Publish: 06 Jun 2021, 07:12 pm
Semiconductor, also known as ‘chips’, is
now at the center of economic growth, security and technological innovation though
it is smaller than a stamp in size. The impact of semiconductor on global
development, which is thinner than human hair and made up of about 40 billion
different components, is greater than that of the Industrial Revolution.
The Semiconductor is a ubiquitous component in services ranging from smartphones to personal computers, the Internet, electric cars, airplanes and electronic devices such as hypersonic weapons, digital products and services such as e-commerce. On the one hand, the demand for it is on the rise, and on the other hand, the industry is facing huge challenges. At the same time, artificial intelligence (AI), Quantum Computing, Internet of Things (IoT), modern wireless communication system, Five-G and other semiconductor-capable devices are being created.
However, the ongoing Covid-19 epidemic and international trade disputes are severely affecting the industry's supply and value chain. In addition, its dominance in the technology sector has made the supply chain between the United States and China riskier; which is causing significant divisions in technology and international trade.
The United States has been a leader in the semiconductor industry for decades. In 2020, the country controlled 48 percent of the industry ($193 billion) in terms of revenue. According to IC Insight, 8 of the 15 largest semiconductor companies in the world are located in the United States. Intel is in the number one position in terms of sales.
China, the net importer of semiconductors, is heavily dependent on foreign manufacturers. In 2020, China imported $350 billion worth of chip or semiconductor, which is 14.6 percent more than in 2019. Although Made in China 2025 has accelerated the development of the local semiconductor industry through the National Integrated Circuit Industry Development, has reduced its dependence on the United States and promoted itself to the level of world leader in technology over the past six years.
China has been competing with the United States since the time of former President Donald Trump. As this rivalry grows, the United States is using tougher licensing policies to control the export of semiconductor, and in the case of China, they are paying more attention to complying with these rules. However, there are growing fears that the China is taking over US technologies through military supply chains and Chinese military and surveillance capabilities.

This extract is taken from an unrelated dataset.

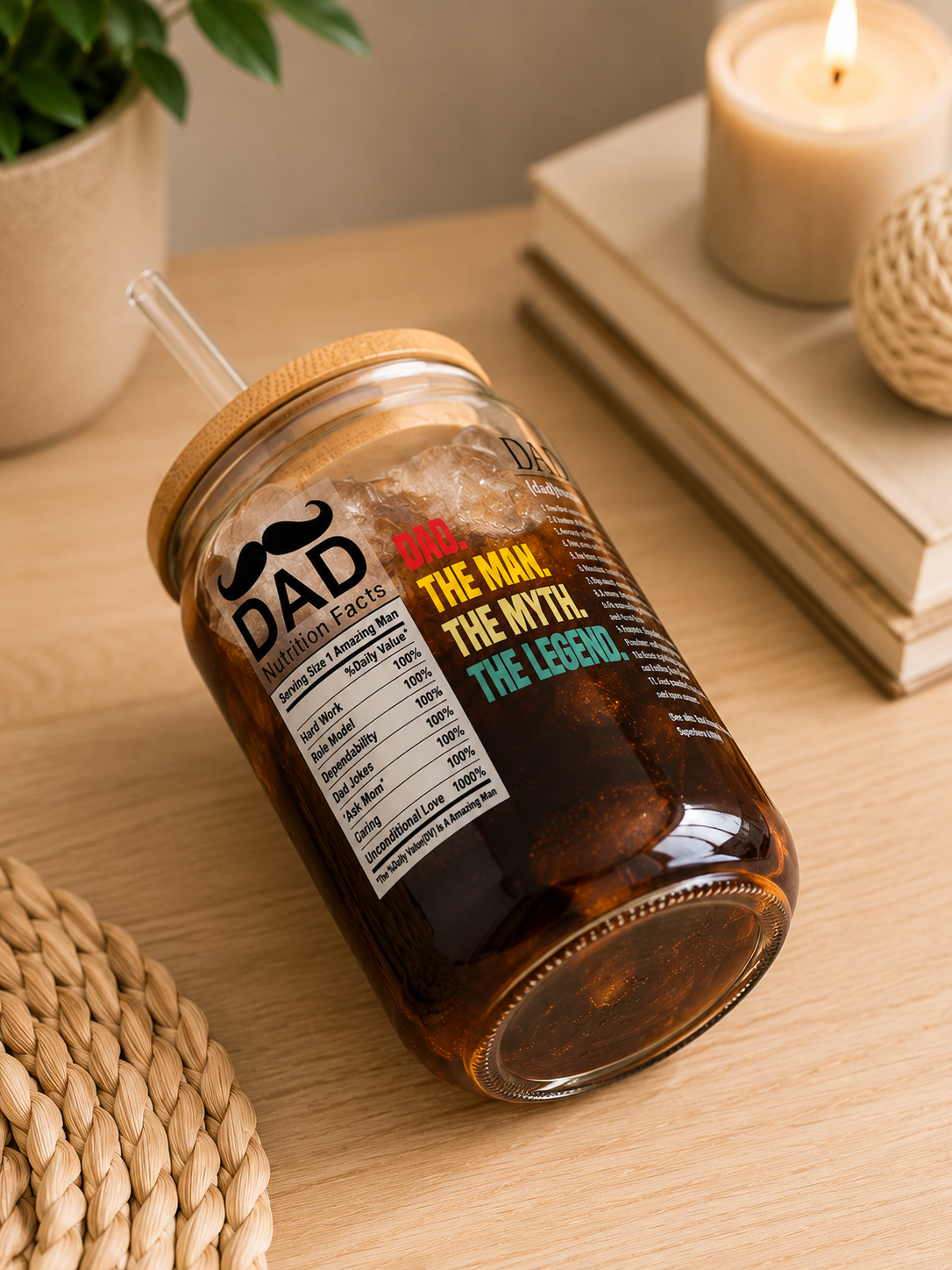 Dad The Man Glass Cup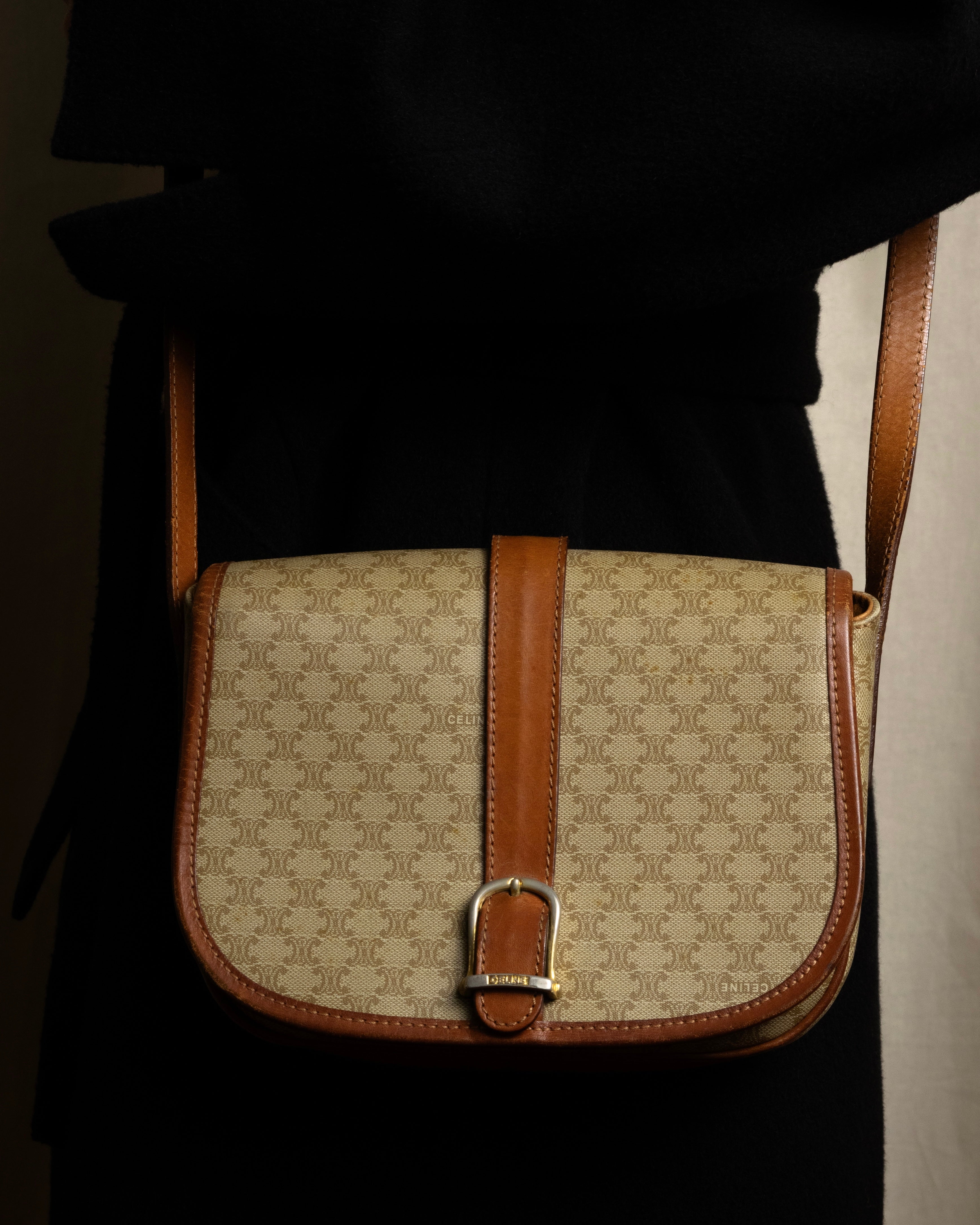"CELINE Macadam pattern combination shoulder bag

Amidst the conflict between the two superpowers, Taiwan Semiconductor Manufacturing Corporation (TSMC), the world's top manufacturer in the industry, is now in a state of disarray. The company now controls 51.5 percent of the global semiconductor market and makes the world's most advanced chips (10 nanometers or smaller). The United States and China, such as Apple, Qualcomm, Broadcom and Shylinix, supply chips to companies in both countries. A few days ago, the company also supplied parts to Chinese technology company Huawei; But TSMC severed ties with the Chinese company after the US Department of Commerce banned Huawei's products due to security concerns.
On the other hand, steps taken by former President Trump to strengthen American-Taiwanese relations have led to increased regional tensions surrounding the Taiwan Strait and increased Chinese military activity in the region. And for all these reasons, Taiwan has now become the center of geopolitics. And all of these factors together have thrown the global semiconductor industry into a complex situation. Presenting a part of the complex ecosystem of this industry, it is also becoming difficult for companies and countries to stay away from geopolitics amid the pressures created by the Taiwan-US-China conflict. Geopolitics, trade and mountainous technology disputes and the Covid-19 epidemic continue to damage its supply and value chain. Semiconductor companies are trying to keep their production activities safe by relocating warehousing or manufacturing facilities; but even then, the industry is currently in a state of chaos.
The semiconductor industry is now at the center of the Sino-US strategic and technologically competitive relationship. The industry is currently facing various stages such as protective tariffs and non-tariff measures; which is hampering the manufacturing activities and competitiveness of the industry. An analysis of the FP Insider report states that the strategic relationship between China, Taiwan and the United States is now being reflected in the semiconductor industry. This shows how much the public and private companies involved in the industry are facing challenges.